Joe is a commentator, discussing issues of the day every day. He has access to more information that I have, and more time to take it in, check it out and verify it. . So, I am cynical about his integrity in making this statement. It is well enough known for me to know that, it wasn't a meeting where that decision was made. That was decided at a trial. More than one trial. Three of them are described, here.

"In the war crimes tribunals that followed Japan's defeat in World War II, the issue of waterboarding was sometimes raised. In 1947, the U.S. charged a Japanese officer, Yukio Asano, with war crimes for waterboarding a U.S. civilian. Asano was sentenced to 15 years of hard labor.

"On Jan. 21, 1968, The Washington Post ran a front-page photo of a U.S. soldier supervising the waterboarding of a captured North Vietnamese soldier. The caption said the technique induced "a flooding sense of suffocation and drowning, meant to make him talk." The picture led to an Army investigation and, two months later, the court martial of the soldier.

"Cases of waterboarding have occurred on U.S. soil, as well.
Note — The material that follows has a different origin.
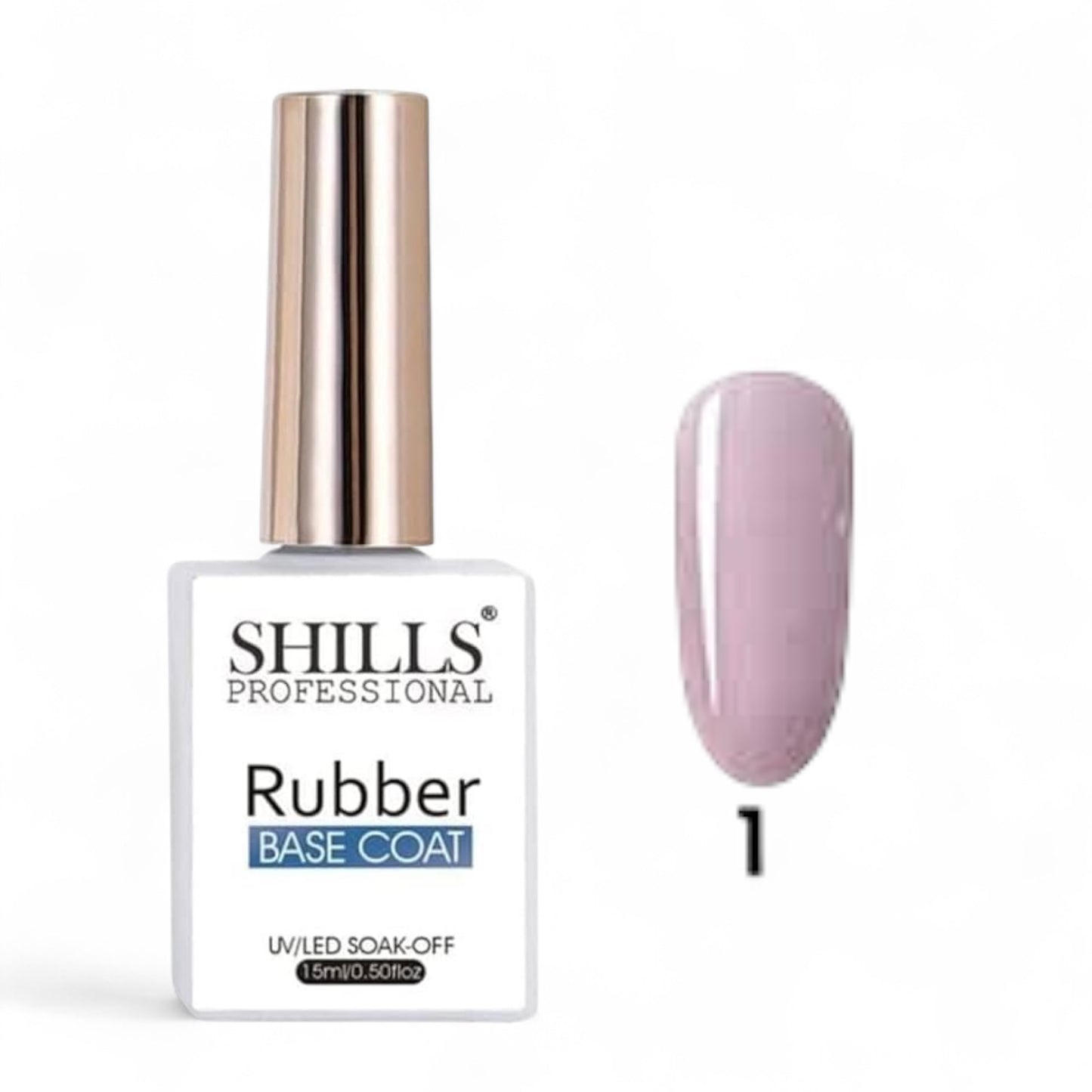 Shills Rubber Base Coat (15ML)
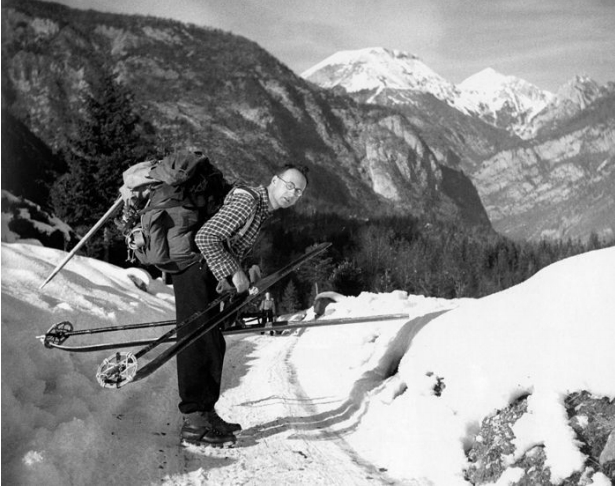 Marijan Lipovšek je imel glasbeno in gorniško žilico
In 1983, Texas Sheriff James Parker was charged, along with three of his deputies, for handcuffing prisoners to chairs, placing towels over their faces, and pouring water on the cloth until they gave what the officers considered to be confessions. The sheriff and his deputies were all convicted and sentenced to four years in prison."

NPR, "Waterboarding: a tortured history"

It wasn't a meeting that decided that water boarding was torture. It was a law cases--it was trials.

So, if Joe Scarborough doesn't know that, what's he doing commenting on the news of the day? This is the kind of thing that politicians do (and he is a former Congressman)--they use cleverly worded statements that don't really lie but convey and promote untruth. Propagandists--that is people who want to persuade people of something that benefits the propagandist without regard for the truth of the matter--lie; sometimes they lie by commission and sometimes by omission, but they lie.

Later in the same show, Joe said to a guest "If you are going to be on my show, David, you have to provide accurate information."

A Lily for Joe. The category is Integrity.